Consider the case where we want to abstract out integer arrays with an interface:


public interface Array {
    public int get(int i);
    public void set(int i, int x);
    public int size();
}

Why would you want to do that? Maybe because your data can be in a database, on a network, on disk or in some other data structure. You want to write your code once, and not have to worry about how the array is implemented. It is not difficult to produce a class that is effectively equivalent to a standard Java array, except that it implements this interface:


public final class NaiveArray implements Array {
    protected int[] array;
    
    public NaiveArray(int cap) {
        array = new int[cap];
    }
    
    public int get(int i) {
        return array[i];
    }
    
    public void set(int i, int x) {
        array[i] = x;  
    }
    
    public int size() {
        return array.length;
    }
}

At least in theory, this NaiveArray class should not cause any performance problem.
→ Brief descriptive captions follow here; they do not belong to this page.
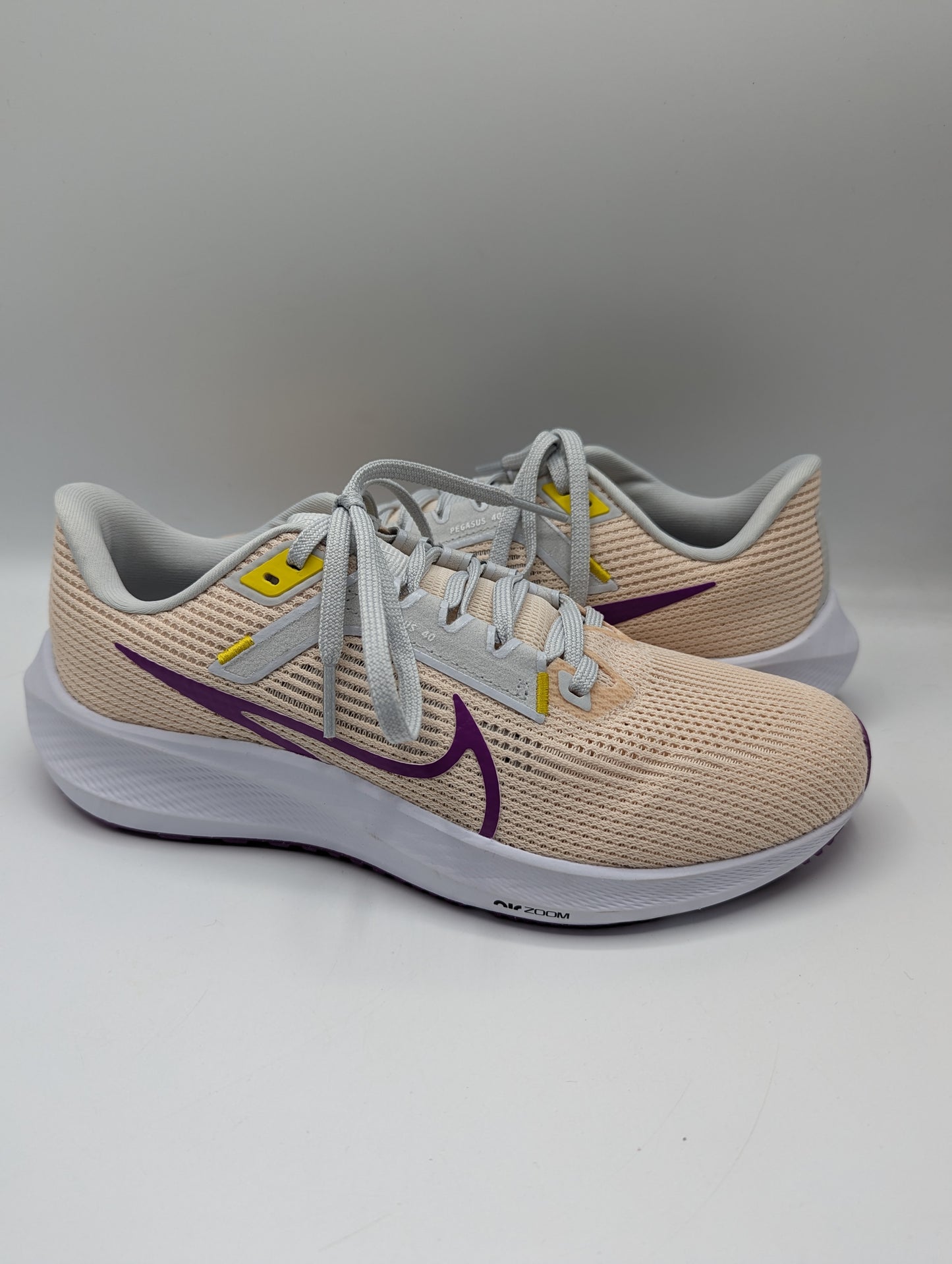 Nike Air Zoom Womens Pegasus 40 Running Trainers - Guava Ice/Vivid Purple/Amber Brown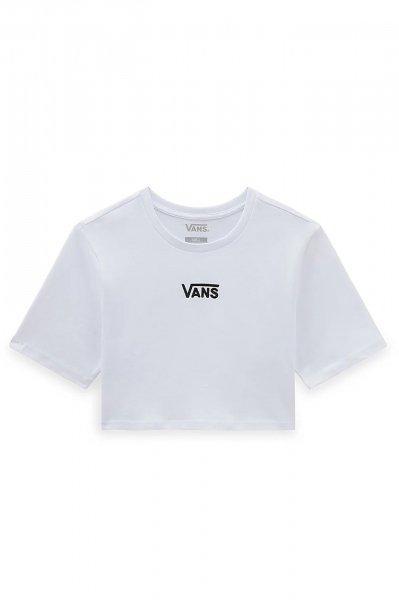 VANS FLYING V CREW CROP II en color BLANCO  (2)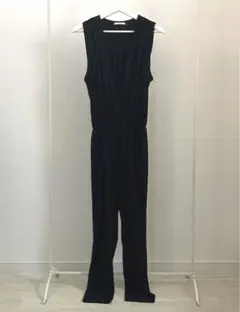 ブラック　カシュクールオールインワン　good toms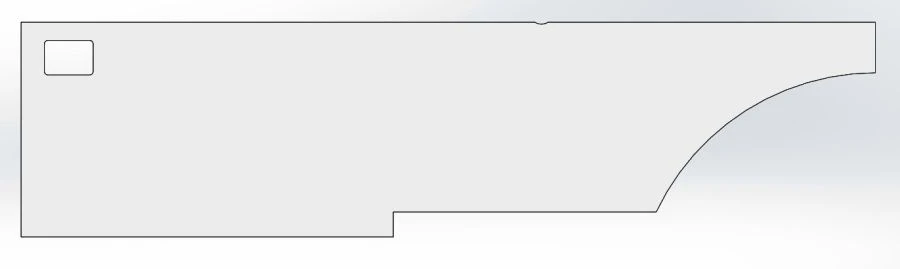 لوحة قوس خلفي 6241-03-5402007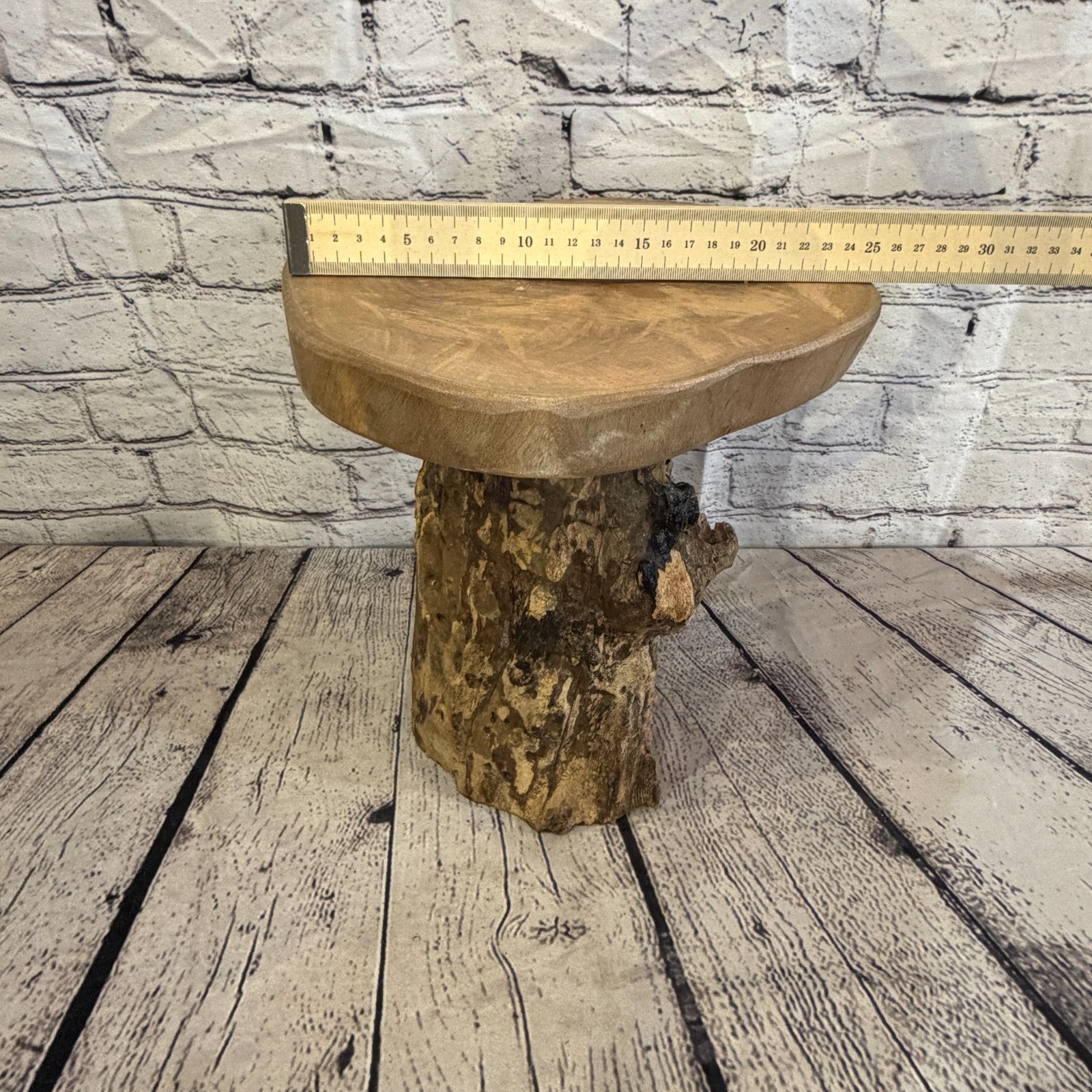 30cm x 25cm Wooden Coffee Root Sculpture Garden Teak Root Ornament Carved No 105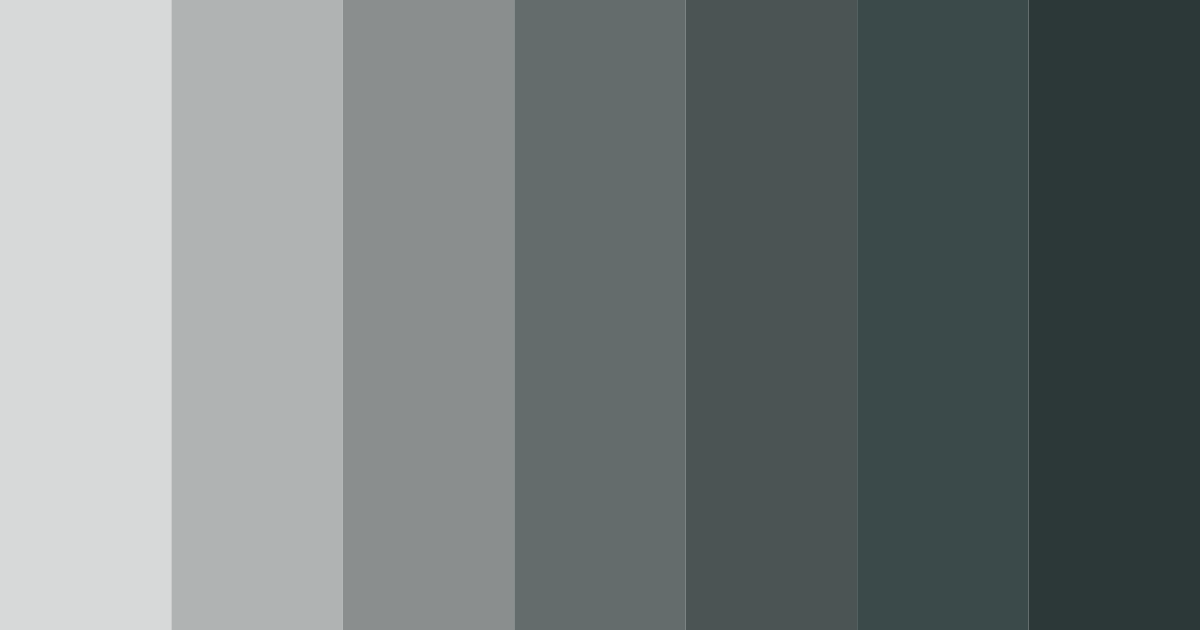 Download silver shadows color palette PNG image (landscape)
The class is final, all methods are short.

Unfortunately, on a simple benchmark, you should expect NaiveArray to be over 5 times slower than a standard array when used as an Array instance, as in this example:


public int compute() {
   for(int k = 0; k < array.size(); ++k) 
      array.set(k,k);
   int sum = 0;
   for(int k = 0; k < array.size(); ++k) 
      sum += array.get(k);
   return sum;
}

You can alleviate the problem somewhat by using NaiveArray as an instance of NaiveArray (avoiding polymorphism). Unfortunately, the result is still going to be more than 3 times slower, and you just lost the benefit of polymorphism.

So how do you force Java to inline function calls?

A viable workaround is to inline the functions by hand. You can to use the keyword instanceof to provide optimized implementations, falling back on a (slower) generic implementation otherwise. For example, if you use the following code, NaiveArray does become just as fast as a standard array:


public int compute() {
     if(array instanceof NaiveArray) {
        int[] back = ((NaiveArray) array).array;
        for(int k = 0; k < back.length; ++k) 
           back[k] = k;
        int sum = 0;
        for(int k = 0; k < back.length; ++k) 
           sum += back[k];
        return sum;
     }
     //...
}

Of course, I also introduce a maintenance problem as the same algorithm needs to be implemented more than once… but when performance matters, this is an acceptable alternative. As usual, my benchmarking code is available online.

To summarize:

  • Some Java versions may fail to fully inline frequent function calls even when it could and should. This can become a serious performance problem.
  • Declaring classes as final does not seem to alleviate the problem.
  • A viable workaround for expensive functions is to optimize the polymorphic code by hand, inlining the function calls yourself. Using the instanceof keyword, you can write code for specific classes and, thus, preserve the flexibility of polymorphism.

Update

Erich Schubert ran a similar benchmark with double arrays that appeared to contradict my results. In effect, he sees no difference between the various implementations. I was able to confirm his results by updating to the very latest OpenJDK revision. The next table gives the number of nanoseconds required to process 10 million integers:

 Function   Oracle JDK 8u11   OpenJDK 1.8.0_40   OpenJDK 1.7.0_65 
straight arrays 0.92 0.71 0.87
with interface 5.9 0.70 6.3
with manual inlining 0.98 0.71 0.93

As one can sees, the latest OpenJDK is much smarter and makes the performance overhead of polymorphism go away (1.8.0_40). If you are lucky enough to be using this JDK, you do not need to worry about the problems of this blog post. However, the general idea is still worthwhile become in more complicated scenarios, the JDK might still fail to give you the performance you expect.